Since the target audience of Cornetto Pop Rock was mainly young adults, every element from the concept of the videos, lyrics and the music itself had a refreshing, energetic feel to it that easily sets the platform apart from what has developed into the typical music status quo. Despite the incorporation of elements from western music, the producers still managed to preserve aspects that made Cornetto Pop Rock quintessentially Pakistani. Therein lies the reason for the platform’s success in its inaugural season. The involvement of a brand with film, television or music is usually part of a wider marketing strategy; in this case however, a substantial part of the initiative gave back to not just the music industry but also to society. As the rock maestro Ali Noor put it,
“The platform has a lot to offer to the music industry and certainly has a bright future. One thing that I appreciated throughout the campaign was the level autonomy that we had while working on the songs, which allowed us to apply our ideas and concepts. While on the other hand there was a lot that we learned during the process. It would be encouraging for musicians if brands continued taking such initiatives.”

Ali Azmat and Noori Performing live at Cornetto Pop-Rock Concert at Rock Musicarium, Islamabad

That “level of autonomy” perhaps suggests that the artists were given a carte blanche, as opposed to the pressure of producing music that is solely meant for promoting the brand itself; encouraging indeed for musicians. If anything, during a period when the ambition for Pakistani singers mostly seemed to be to feature in Bollywood on the back of a hit single, musicians working with a brand and producing music in Pakistan for the Pakistani audience is bound to encourage others to follow the same path.

Where the auditions in universities and colleges boosted the youth’s interest and participation with local music, the concerts brought stars as big as Ali Zafar, Q, Ali Azmat and Noori, amongst others, out of television sets and into public venues for the pleasure and surprise of thousands of young boys and girls. Numbers at the concert and the feedback that the artistes got ensured that the arena is still very much open to the revival of the concert culture that was alive a couple of decades ago. On the other hand, it should also encourage more such initiatives. Having gathered such massive crowds it would be a shame to not do this on a regular basis, given how diverse and vibrant our music can be.

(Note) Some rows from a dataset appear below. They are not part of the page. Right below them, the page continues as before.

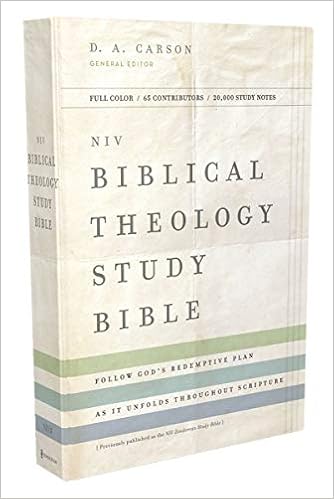 Buy Niv Biblical Theology Study Bible Hardcover Comfort Print Follow God S Redemptive Plan As It Unfolds Throughout Scripture Book Online At Low Prices In India Niv Biblical Theology Study Bible Hardcover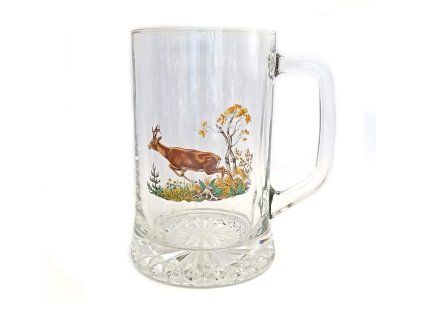 Sklenice pivní 500ml  PUB dekor lov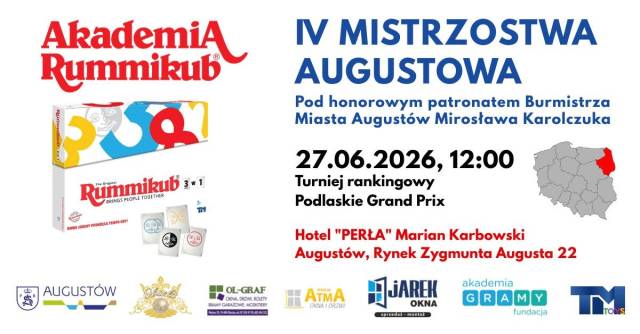 IV Mistrzostwa Augustowa pod honorowym patronatem Burmistrza Miasta Augustów Mirosława Karolczuka - Podlaskie Grand Prix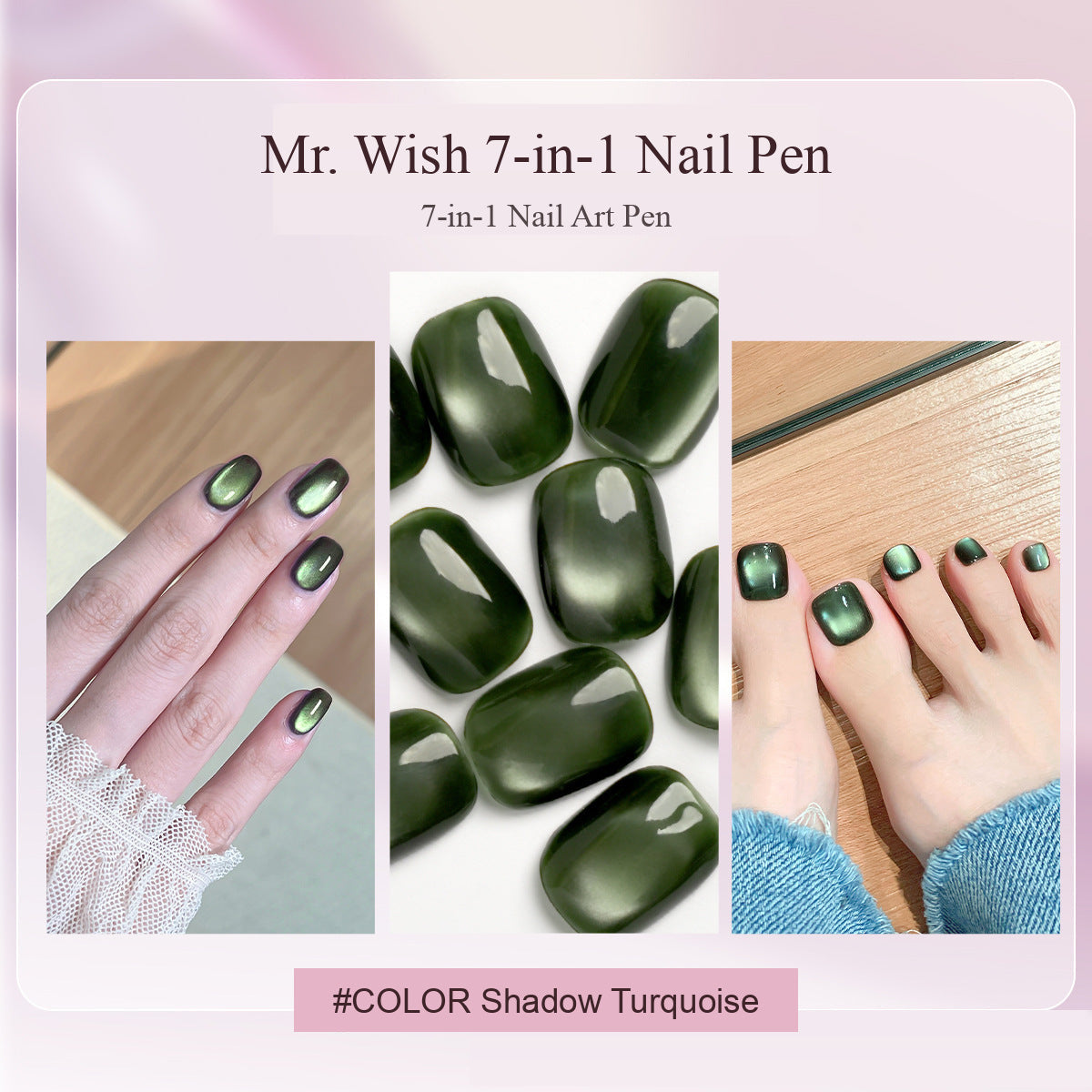 MR WISH Magnetic Cat Eye Nail Pen - Shadow Turquoise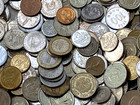 Lot Of 2 Lbs Pounds   Foreign International World Coins   No Us Canada Mexico  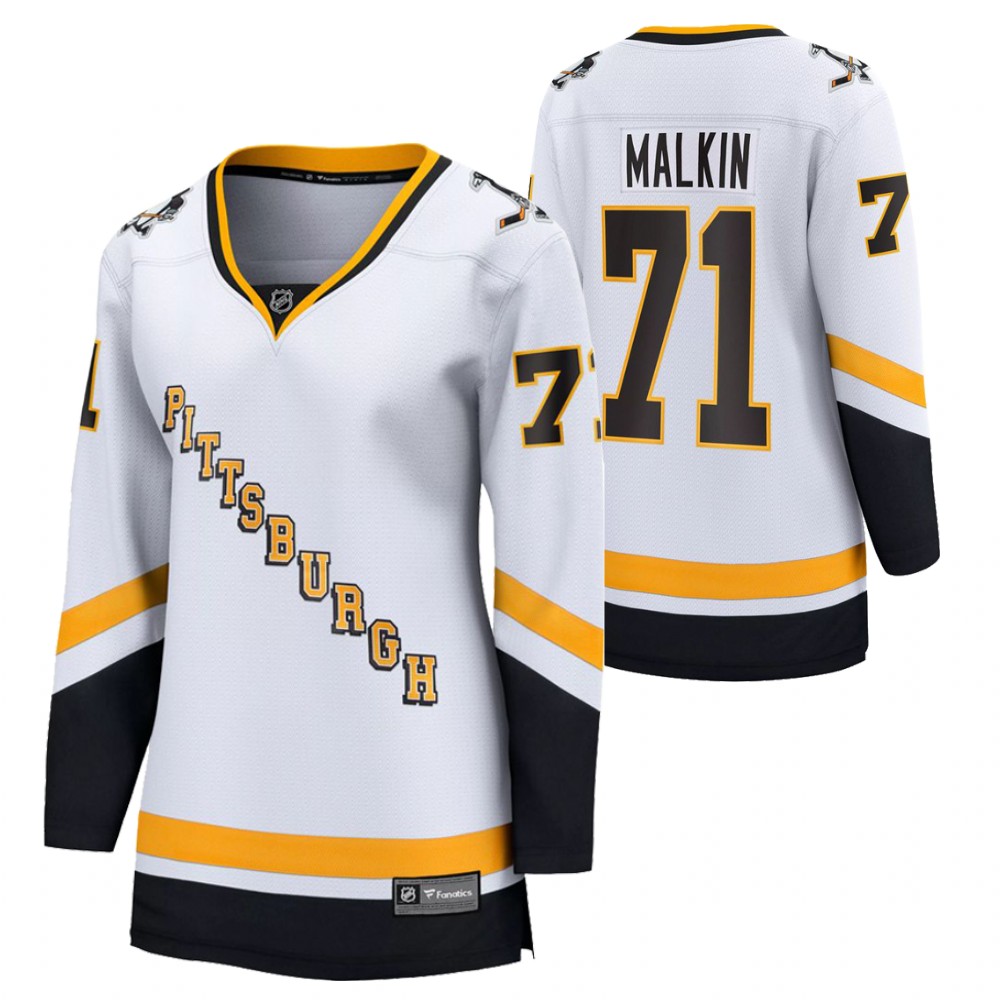 Evgeni Malkin Pittsburgh Penguins Reverse Retro White Women's Jersey Special Edition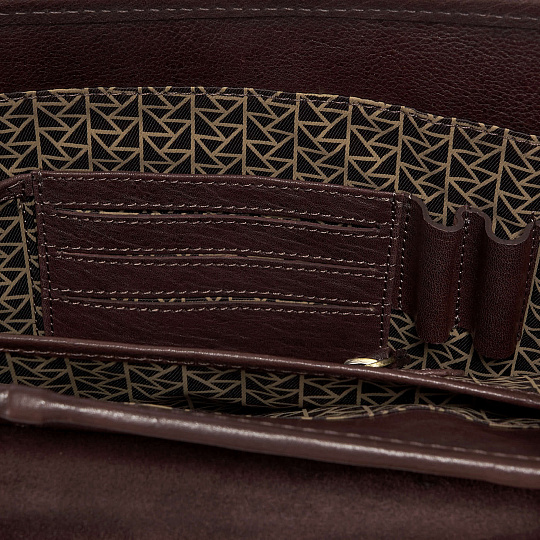 Портфель Dr.Koffer из натуральной кожи темно-коричневый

If not speaking of the concept was a pity, then not getting a word in on the songs would be a sin. To put it mildly, the effort on the whole was an amalgam of creative geniuses proving just what they are capable of once they put their heads together; which is something the number of hits on Cornetto Pakistan’s Youtube channel can readily verify. Whether it was Amaan Ahmed’s direction, wardrobes from the most sought-after Pakistani designers or the pulsating guitar riffs; it all hit just the right note. As said before, where western elements make the music exciting, the challenge was keeping Pakistani originality alive. Take Desan Da Raja for instance: a wedding number that emulates a techno vibe as soon as Q enters the fray. And then there was no lack whatsoever of sheer power. Be it

Be it Dildara, the trippy Pyar Wyar or Ali Azmat’s POV Mein, which backed by acoustics, carried the emotion oh-so-sublimely-well.

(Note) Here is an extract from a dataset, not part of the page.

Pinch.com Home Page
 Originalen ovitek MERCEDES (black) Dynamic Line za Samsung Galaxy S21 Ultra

Speaking of emotion, it is hard to forget the gushing nostalgia that one gets from Jhoom and Yeh Zindagi. Both songs, though so different in nature, give way to a similar set of emotions.

There’s an indie feel to Jhoom that is perfectly in sync with what the song emotes; hope and ambition.

The challenge now for the producers is to persist with resisting monotony and targeting experimentation. One can only hope that in their song Dildara for Cornetto Pop Rock Season 1, Ali Noor and Ali Azmat meant it when they said Mera tumhara, chalta rahega, safar yeh humara!